All fates in the universe connected in a river, and that river flowed only one way.

→ Jax ←
Finally, what seems to be the fan favorite of the narrators: Jax, the Solani pilot with stars in his veins. Jax was a major redeeming quality in this book for me, until we reached a point where we got to spend very little time with him, and the time we did get to spend with him was mostly used up on repetitive mooning over another character. While the romance Jax finds himself in is cute, it’s also fairly insta-lovey, which put a damper on the entire couple for me. That said, Jax is a really fun and enjoyable character, and if I had to pick any one character who I would’ve liked to have read this entire story through the singular perspective of, it would be a toss-up between D09/Di and this guy.

“I’ll always come back for you,” she whispered, reaching up on her tiptoes to press her forehead against his cool metal one. “I promise you on iron and stars.”

→ diversity ←
There is one positive note that I can’t finish this review without touching on, and that’s the diverse cast of characters we get to meet throughout the story. Not only is there a main gay couple, there’s also a lesbian side couple (and they are fantastic – could we please have seen more of them?!). Multiple characters are described as being people of color, and there’s even some disability rep! All of my issues with the story itself pushed aside, I genuinely appreciate how normalized Ashley Poston made all of these diverse characters feel in the context of their world.

“Because I will follow you anywhere,” he insisted. “To the ends of the galaxy, if I have to. I want to exist where you exist, and that is enough.”

→ final thoughts ←
At the end of the day, I really wanted to enjoy this book, but I had to look at it honestly and admit that it was a 2-star read for me. I considered rounding up to 3 for the sake of the diverse rep, but the fact that it took me over a month to trudge through what should’ve been a really quick read made it impossible for me to justify upping my rating. If you enjoy sci-fi and Anastasia retellings, or normalized diverse rep in the YA SF/F field, I would say to pick this up and give it a try. As for me, I do own a copy of another of Ashley’s books, but I don’t think I’ll be rushing to pick it up.

I have no idea if this book is a series starter or a standalone, as it totally feels like a series starter but, at the time that I’m writing this review, I haven’t heard anything about it continuing as a series. I personally absolutely hated the cliffhanger ending of this book, and will not be picking up any sequels.
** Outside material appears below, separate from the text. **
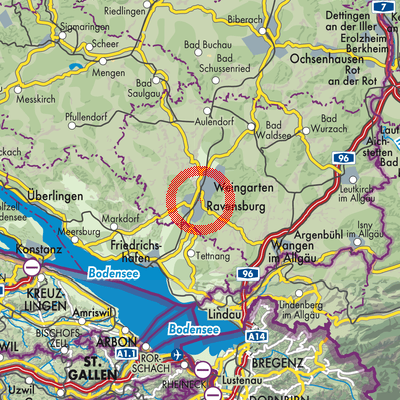 Landkarte Ravensburg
All quotes are taken from an ARC and may not match the finished publication. Thank you to Balzer + Bray for providing me with an ARC in exchange for my honest review!



4 thoughts on “Heart of Iron — Ashley Poston (ARC Review)

  1. yasminereads says:

    Great review!
    I’m currently about halfway through the book and although I seem to be having an easier time with it than you did, I totally agree with all of your points. It’s hard for any of the deaths that have happened so far to have a big impact and for me to feel truly invested in each character when it feels like I don’t know them all that well. Jax and Di are also by far my favourite POVs to read through.

    I would totally encourage you to pick up Geekerella if that is the other one you have, though! Her characters are fleshed out much more there and while it is a pretty simple story that feels reminiscent of movies like A Cinderella Story (the one with Hilary Duff), all of the issues I’m encountering in Heart of Iron are nonexistent in Geekerella. WHich is why I was surprised at this one, to be honest. But I guess going into scifi/fantasy right from contemp might make writing a bit more difficult.


    • Destiny @ Howling Libraries says:

      Thank you, Yasmine! I’m glad we agreed on so much, haha! I hope you do/did ultimately end up liking it more than I did, though!

      I’m so glad to hear that about Geekerella! I have the ebook of it and was honestly feeling pretty lackluster about the idea of ever picking it up, but this makes me feel a LOT better.